Sentir ansiedade é normal. Mas, se for excessiva, é preciso buscar ajuda profissional

rodrigo zanotto

Kelvis: “É como se o presente não existisse e você passasse o tempo todo vivendo na expectativa do que vai acontecer”

Cada década se diz que vivemos a “era da ansiedade”. O tempo passa, a expressão permanece. Essa emoção tem, talvez, a mesma idade do surgimento do homem na Terra. É natural e, aliás, fundamental para a sobrevivência. Basta imaginar, na pré-história, uma pessoa ansiosa e outra “tranquilex”. Qual das duas se escondia primeiro ao pressentir que estava prestes a virar comida de um tigre-dente-de-sabre? Pode crer: a mais “pilhada” sobreviveu e pode ser o primeiro parente da sua árvore genealógica.

Difícil encontrar um recém-nascido que não fique ansioso quando é separado da mãe.
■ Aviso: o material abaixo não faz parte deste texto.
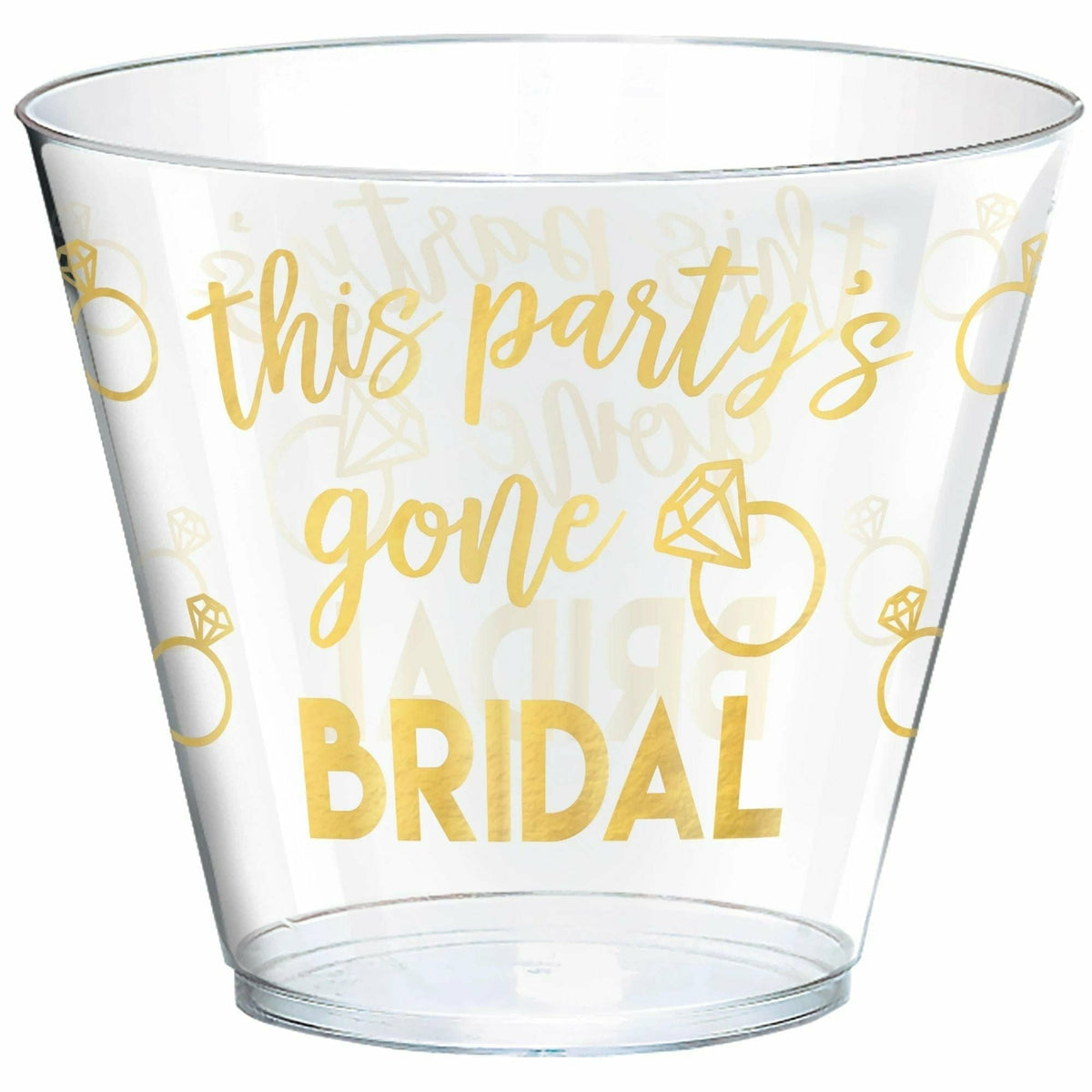 Amscan WEDDING This Party&#39;s Gone Bridal Plastic Tumblers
Um vestibulando sua frio na hora da prova. Executivos roem as unhas ao vislumbrar a possibilidade de um bom negócio. Nada disso pode ser considerado doentio, desde que essas sensações não atrapalhem a vida. “A ansiedade é uma emoção complexa que envolve medo, exagero ou irracionalidade. É natural quando está relacionada a fatores reais, como a tensão na hora de atravessar uma rua movimentada. Mas, quando alguém passa a ter taquicardia ao pegar no volante ou entra em pânico por estar em um elevador, aí já é sinal de doença”, explica Tito Paes de Barros Neto, mestre em Psiquiatria pela Faculdade de Medicina da USP e médico psiquiatra do Ambulatório de Ansiedade do Instituto de Psiquiatria do Hospital das Clínicas.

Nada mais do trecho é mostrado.